General Relativity Textbook for an Engineer

[thepassenger48]

Hi,
I'm an engineering student looking to learn General Relativity... I was wondering which textbook would be the best for me?

I'm pretty well versed in classical physics, and in mathematics (linear algebra, multivariable calculus, partial differential equations), but I have no background in 4 vectors or differential geometry.

I guess some famous options are:
Gravity: An Introduction to Einstein's General Relativity by James B. Hartle
A First Course in General Relativity by Bernard Schutz
Exploring Black Holes: Introduction to General Relativity by Edwin F. Taylor
General Relativity by Robert M. Wald

 

[diazona]

I'm personally a fan of Hartle's book, but by the time I got to that I'd already studied special relativity a couple of times, which means I was pretty familiar with 4-vectors. I'd definitely suggest tackling SR before you start on GR.

 

[Daverz]

I agree, learn SR and then tackle Hartle.
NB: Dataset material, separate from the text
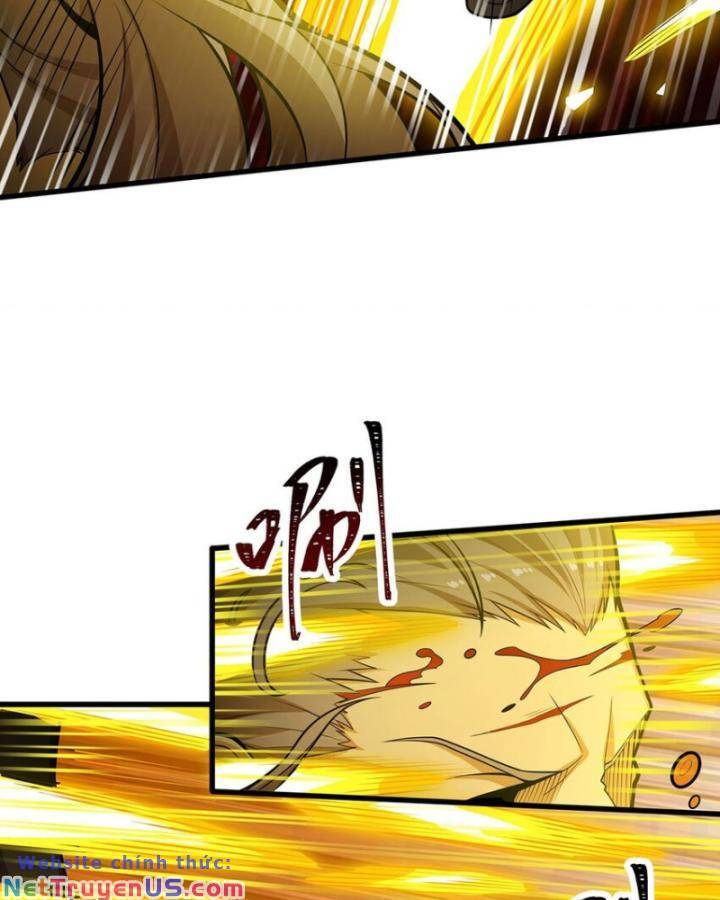 Sứ Đồ Vô Hạn Và 12 Chiến Cơ Chapter 399 - 36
I would recommend the the red paperback first edition of Spacetime Physics. This has full solutions to the problem sets in the back, and is a better book IMO than the 2nd edition.
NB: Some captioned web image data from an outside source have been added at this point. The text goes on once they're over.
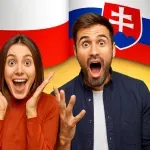 Rýma, tramvaj, koště: Viete, čo tieto české slová znamenajú?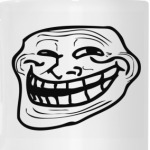TrollFace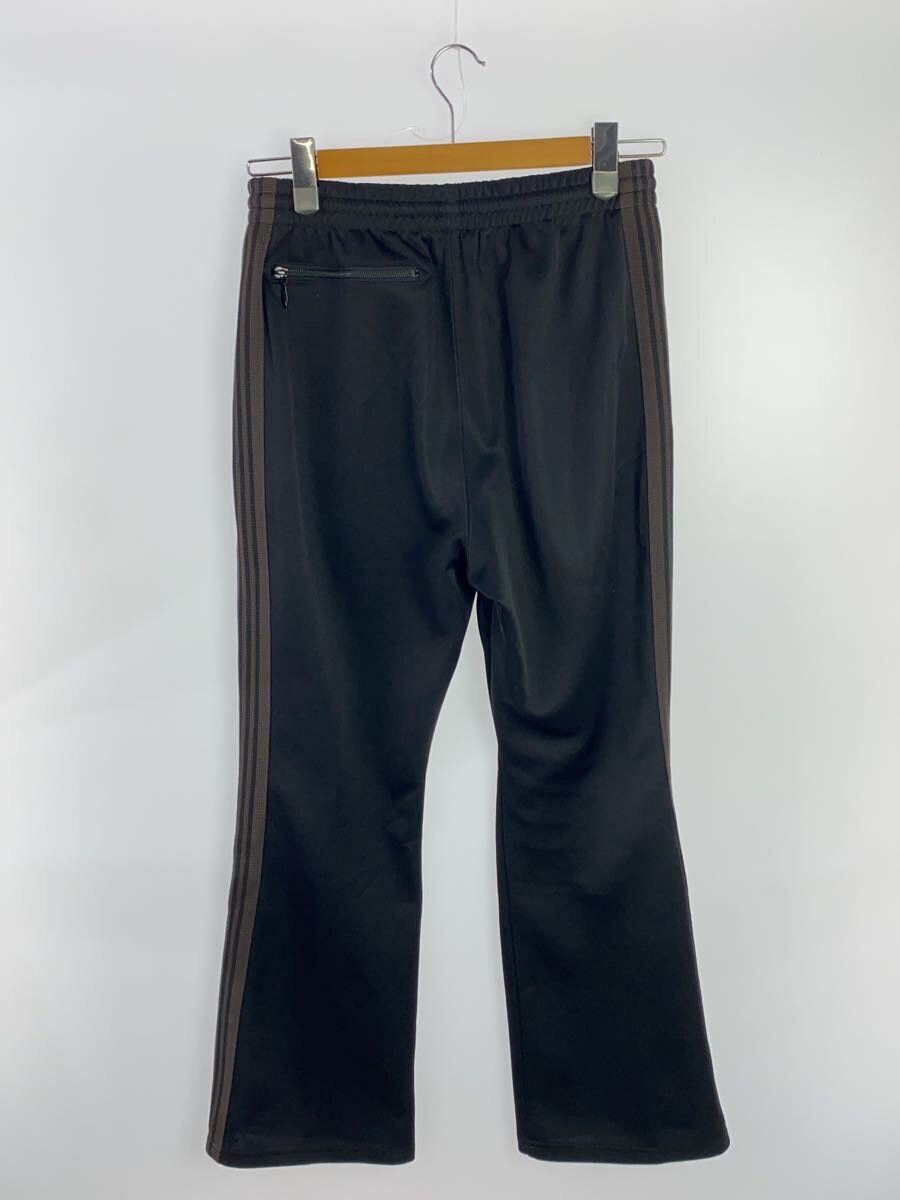 Needles Needles Boot-Cut Poly Smooth Track Pant Size US 28 / EU 44 - 2 Thumbnail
https://www.amazon.com/dp/071670336X/?tag=pfamazon01-20

Some Amazon sellers are clueless, so make sure the seller has the red paperback and not some other edition.

 

[Andy Resnick]

I disagree with insisting an engineer learn SR before GR.

thepassenger48, you did not say what kind of engineering student you are (i.e. mechanical, electrical, chemical, etc), but GR is a continuum field theory. If you have any experience in continuum mechanics- stress/strain relations, for example, you are well-placed to learn GR directly.

Differential geometry is critical for GR, but again, if you are comfortable with continuum mechanics, you are halfway there. I hear Wald's book is excellent, and I recommend Misner, Thorne and Wheeler (even though it's quite formidable) as having a very intuitive approach.

 

[malawi_glenn]

General Relativity: An Introduction for Physicists by M. P. Hobson

Is really nice, it will introduce you to the relevant SR and math before exploring general relativity.

 

[thepassenger48]

I disagree with insisting an engineer learn SR before GR.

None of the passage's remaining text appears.